La culpa ¿es de los extranjeros?

La culpa ¿es de los extranjeros?

SERGIO VILLAMIL

Está bastante extendida, aún entre trabajadores, la teoría de que el deterioro general de la Salud Pública, o parte de él, se debería a la demanda de atención por parte de residentes extranjeros en los hospitales públicos. Que los extranjeros “ocupan” el lugar que correspondería a los nativos.

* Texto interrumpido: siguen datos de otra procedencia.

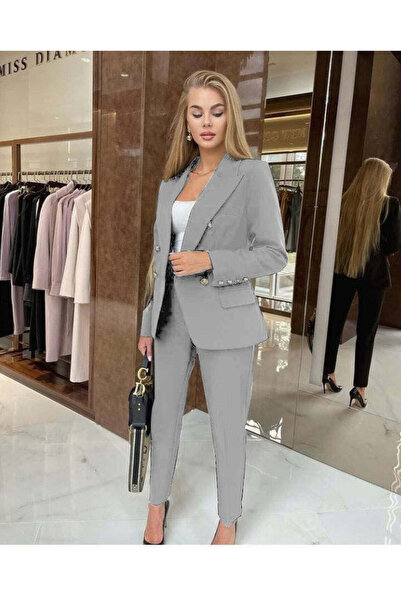 Tasha Boutique Compleu TSH347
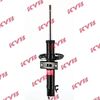 амортисьор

Esta falacia es difundida por aquellos sectores que tratan de desviar la atención de las verdaderas causas del colapso de la atención de salud. Funcionarios, comunicadores sociales, o burócratas sindicales, intentan ocultar las verdaderas raíces económicas y políticas de aquel deterioro, mediante la estimulación de prejuicios xenófobos, o falsamente nacionalistas. Se apela incluso a la figura extrema de los “tours” de extranjeros, que desde países limítrofes, viajarían para atenderse en “nuestros hospitales”, a costo prácticamente nulo. Se trata de un prejuicio que debe ser combatido, para poder mirar las cosas como realmente son.

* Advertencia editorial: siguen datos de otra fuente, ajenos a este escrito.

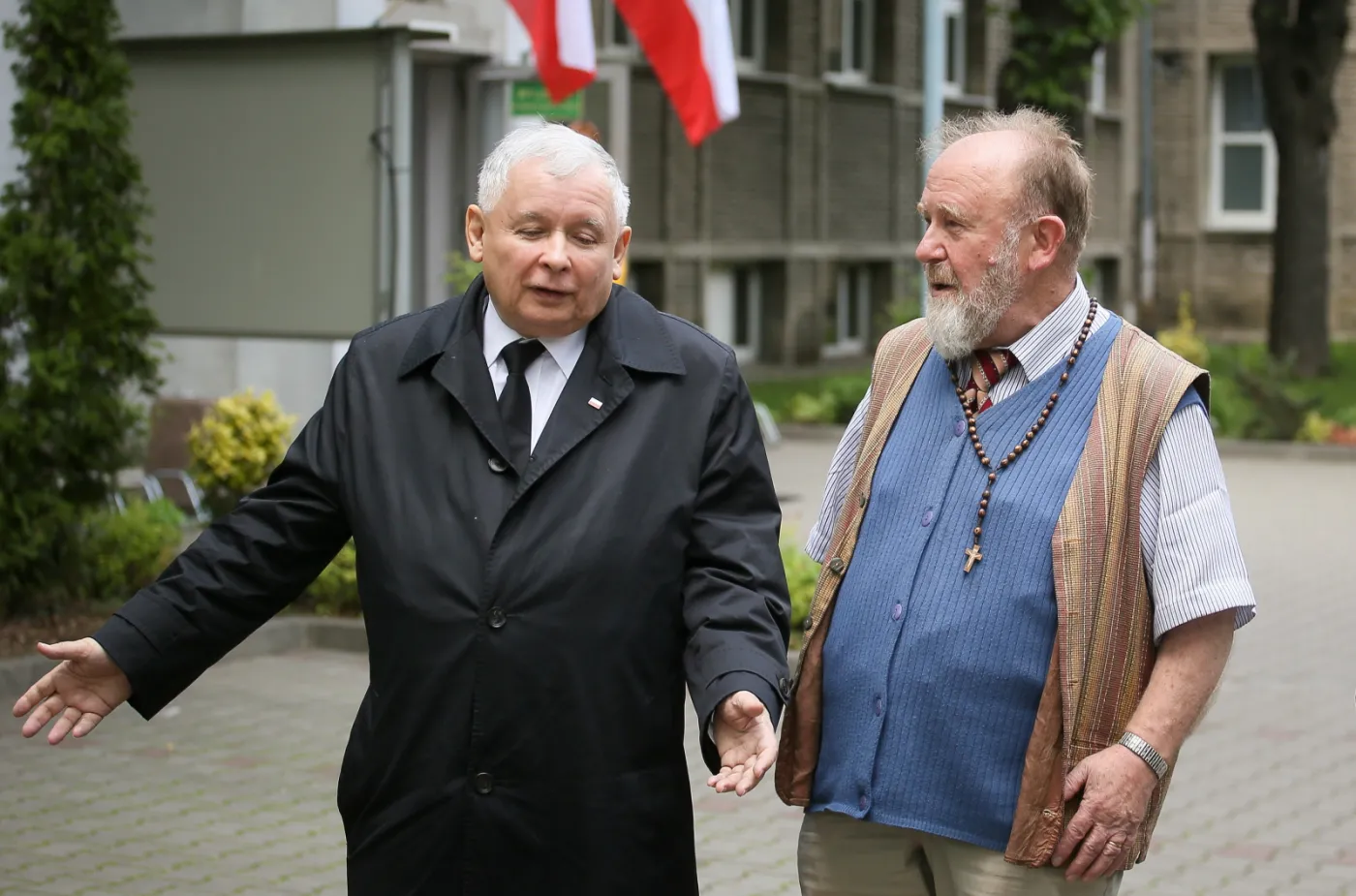 7802861-prezes-pis-jaroslaw-kaczynski.jpg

En primer lugar los residentes de origen extranjero o los trabajadores inmigrantes, son habitantes de la Ciudad, que en su gran mayoría, trabajan, forman familia y tienen hijos en nuestro país. En el mismo sentido, producen riqueza, consumen y pagan impuestos dentro de nuestro territorio. Y son además superexplotados por patronales “nacionales”, que encuentran suculentas ventajas en el trabajador más sumiso, más barato y más fácil de descartar, en tanto minoría segregada y muchas veces de condición legal precaria. El derecho a la atención de salud que tienen estos hombres, mujeres y chicos, es equivalente al de cualquier nativo. La línea divisoria en todo caso, pasa no por la frontera nacional, sino por los intereses de clase, que hermanan a los explotados de los distintos países, contra los explotadores de ambos lados.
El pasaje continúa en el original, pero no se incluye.